We really ought not to go any further in our assumptions or conclusions until we give this knowing a fair shot.  It may take us awhile.  What many people find helpful is not to look forward, but to look backward, back to a time when we might remember experiencing something that reminded us of God, or something someone said was what God is like.  Most of us have some kind of notion of “God” from our early childhood, either from what we are taught or what we pick up from what we’ve seen and heard along the way.  Many of us remember something that caused us to stop and feel a tremendous sense of awe, or wonder, or wish, that reached beyond ourselves and our senses into that unseen, unknown realm which we intuitively know is there but we just as intuitively know that nobody can see… yet.

If “knowing” is comparing and contrasting, we might do just as well to think of a time in our past when we felt like hiding, or shrinking away, or suddenly covering up something we love because we have a need to protect that love.  Those are the moments autistic people know best when someone else makes a comment or a statement (or worse) that pierces a moment of our most oblivious joy with the sharp pain of their ridicule or misunderstanding.

What is it that gets pierced?  What is it misunderstood, or ridiculed?  Is it us, our very selves?  Or is it that sense of joy, or insulation, or innocence, or immersion in something we love to the point of losing ourselves into it?  Most of us would agree it is not us, per se, but the love we feel which is ridiculed.

Maybe we cannot sense God when things are running smoothly and people are treating us well.  But when we are hurt, what is it that hurts?  What is it that we seek after when we hurt, in our earliest childhood?
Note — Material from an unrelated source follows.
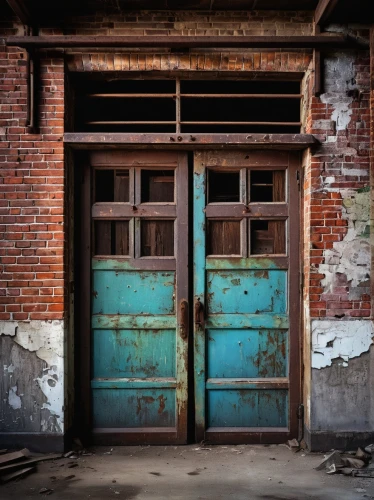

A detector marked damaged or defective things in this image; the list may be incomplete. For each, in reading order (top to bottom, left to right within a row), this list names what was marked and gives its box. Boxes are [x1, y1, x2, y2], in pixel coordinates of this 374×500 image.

flaking white plaster [0, 322, 64, 432]
flaking white plaster [312, 318, 372, 370]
It is an invisible, intangible, immeasurable something.  Maybe we can’t define it, but boy, do we feel the pain when it gets injured.  That innocent wonder which is wounded when love is ridiculed – it certainly fits the description we’re going for.  Could that be God, or God’s likeness, or God’s echo?

Our closing point before we keep going next week: The progression of “why are we here?” goes from knowing God to loving God.  “LOVE” is not something that can be forced, faked or coerced.  The writers of the Catechism know that.  It follows that we cannot love anyone we do not know.  Before we get wrapped up in conclusions, let us stay where we need to be in the progression: let us strive to KNOW God, and trust that the rest will flow from there.  If we are facing an obstacle to engaging with our faith, go back to the beginning.  Worry about nothing else until we can say, confidently, that we KNOW God.  Nothing else will work until that connection is working.